Currently, only the following datasets are supported via the huggingface format.

The WikiMIA dataset is handled specially. If you set data_path to "swj0419/WikiMIA", it will be automatically recognized. For this dataset, the data corresponding to the specified text length (32, 64, 128, or 256) will be automatically loaded (e.g., "WikiMIA_length64").
The MIMIR dataset is handled specially too. If you set data_path to "iamgroot42/mimir_{domain}_{ngram}", it will be automatically recognized. For this dataset, the data corresponding to the specified domain and ngram will be automatically loaded (e.g., "iamgroot42/mimir", "pile_cc", "ngram_7_0.2").

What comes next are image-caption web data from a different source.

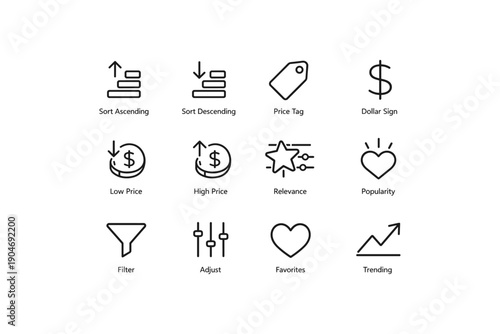 Set of icons: sort, price, dollar, relevance, popularity, filter, adjust, favorites, trending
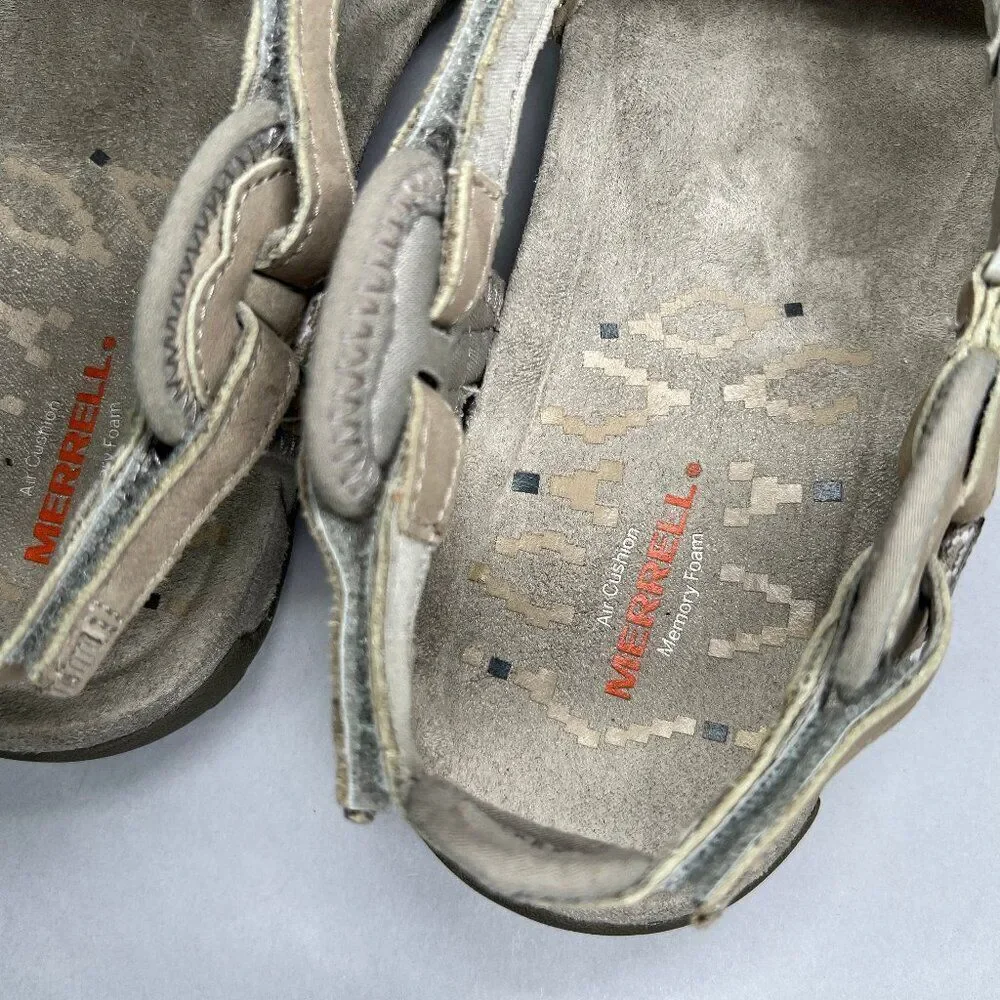 Merrell Terran Lattice II Sandal Women 10 Tan‎ Athletic Outdoor Hiking Flip Flop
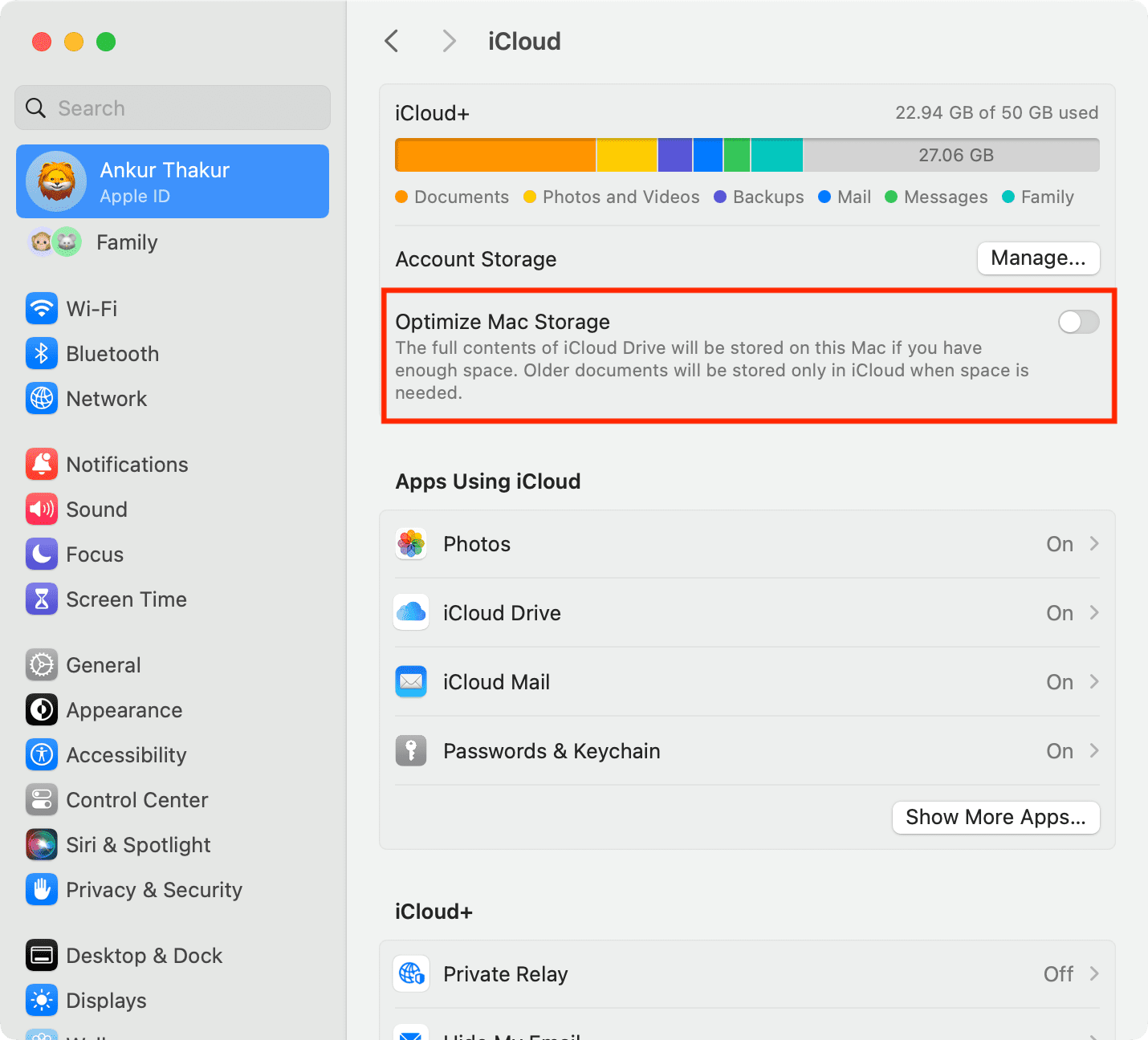 Turn off Optimize Mac Storage on Mac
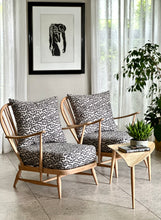 Load image into Gallery viewer, Pair Lubis Spindle Back Arm Chairs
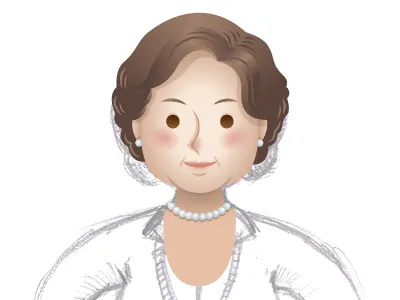Working on the face drawing illustrator mum pencil sketch vector
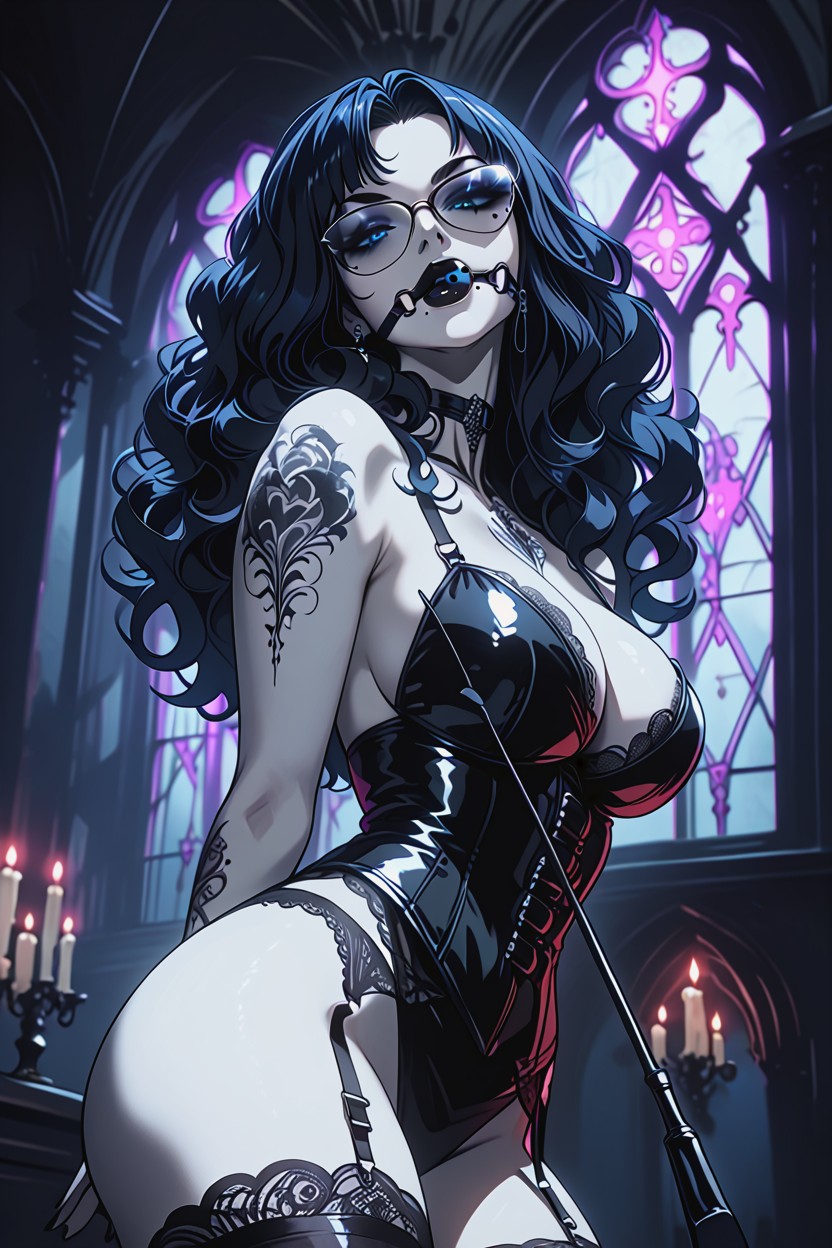 Candlelit Gothic Background, Cinematic Lighting, Large Breasts Hentai AI Porn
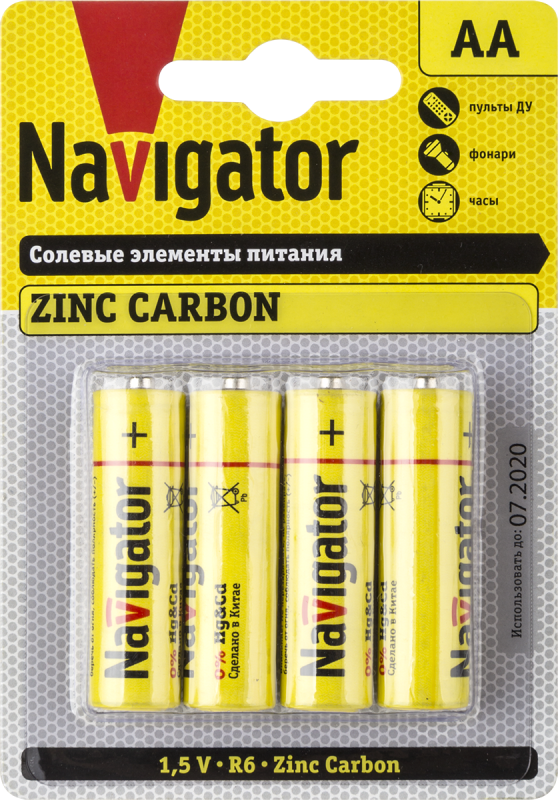 элемент питания солевой aa/r6 94 758 nbt-ns-r6-bp4 (блист.4шт) navigator 94758 от BTSprom.by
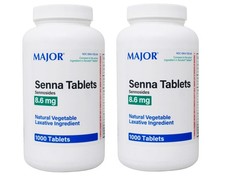 Major Senna Tablets Sennosides 8.6 mg Vegetable Laxative 1000 Ct (Pack of 2) picture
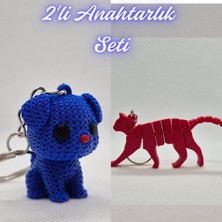 3D Atölye Maker  Mavi Örgü Desenli Köpek ve Kırmızı Esnek Kedi Anahtarlık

Note: To use the MIMIR dataset, you need to create a .env file in the project root directory with your Hugging Face token. Create a .env file with the following content:

HUGGINGFACE_TOKEN=your_huggingface_token_here

Replace your_huggingface_token_here with your actual Hugging Face token. You can obtain a token from Hugging Face Settings.

`methods` Block¤

Declare any number of methods. Each entry looks like:

- type: "method_name"
  params:
    # method-specific keys

Available method types and their parameters:

Method Name	Description	Parameters
`loss`	Uses the model's loss	–
`zlib`	Uses the ratio of information content calculated by Zlib compression	–
`ref`	Uses the difference in loss between the target model and a reference model	`reference_model` (required. Model configuration for the reference model, same fields as the `model` block).
`lower`	Uses the ratio of loss after lowercasing the text	–
`mink`	https://github.com/swj0419/detect-pretrain-code	`ratio` (`0.0–1.0`, default `0.5`).
`pac`	https://github.com/yyy01/PAC	`alpha` (augmentation strength, default `0.3`), `N` (augmentations per sample, default `5`).
`recall`	https://github.com/ruoyuxie/recall	`num_shots` (number of prefix texts, default `10`), `pass_window` (skip max-length trimming, default `False`).
`conrecall`	https://github.com/WangCheng0116/CON-RECALL	Same as `recall` plus `gamma` (ratio of member prefixes loss, default `0.5`).
`samia`	https://github.com/nlp-titech/samia	`num_samples` (number of samples, default `5`), `prefix_ratio` (ratio of prefix, default `0.5`), `zlib` (Use Zlib, default `True`).
`dcpdd`	https://github.com/zhang-wei-chao/DC-PDD	`file_num` (number of C4 text files, default `15`), `max_token_length` (max token length, default `1024`), `alpha` (upper bound of score, default `0.01`).

`output_dir`¤

Directory where CSV results are written. The folder is created if missing.

Output Files¤

Default Output¤

By default, Fast-MIA saves the following files in a timestamped folder:

results/
└── YYYYMMDD-HHMMSS/
    ├── config.yaml    # Copy of the configuration used
    ├── results.csv    # Summary metrics (AUROC, FPR@95, TPR@5)
    └── report.txt     # Human-readable summary report

Detailed Report Mode¤

When you run with --detailed-report, Fast-MIA generates additional outputs for benchmarking and analysis:

uv run --with 'vllm==0.15.1' python main.py --config config/sample.yaml --detailed-report

Output Structure¤

results/
└── YYYYMMDD-HHMMSS/           # Timestamped folder for each run
    ├── config.yaml            # Copy of the configuration used
    ├── results.csv            # Summary metrics (AUROC, FPR@95, TPR@5)
    ├── detailed_scores.csv    # Per-sample scores for each method
    ├── metadata.json          # Execution metadata (JSON format)
    ├── metadata.yaml          # Execution metadata (YAML format)
    ├── report.txt             # Human-readable summary report
    └── figures/
        ├── roc_curves.png         # ROC curves for all methods
        ├── score_distributions.png # Score histograms (member vs non-member)
        └── metrics_comparison.png  # Bar chart comparing metrics

Metadata Contents¤

The metadata files (metadata.json / metadata.yaml) include:

Section	Contents
`experiment`	Start/end time, duration
`environment`	Python version, platform, hostname
`git`	Commit hash, branch, dirty status
`model`	Model ID, parameters
`data`	Dataset path, format, sample counts
`sampling_parameters`	vLLM sampling configuration
`methods`	List of evaluated methods with parameters
`cache`	Cache hit/miss statistics

Detailed Scores¤

The detailed_scores.csv file contains per-sample scores:

label,loss,zlib,mink_0.2,recall
1,0.832,0.654,0.721,0.891
0,0.234,0.312,0.287,0.156
...

This allows for post-hoc analysis, custom visualizations, or statistical testing.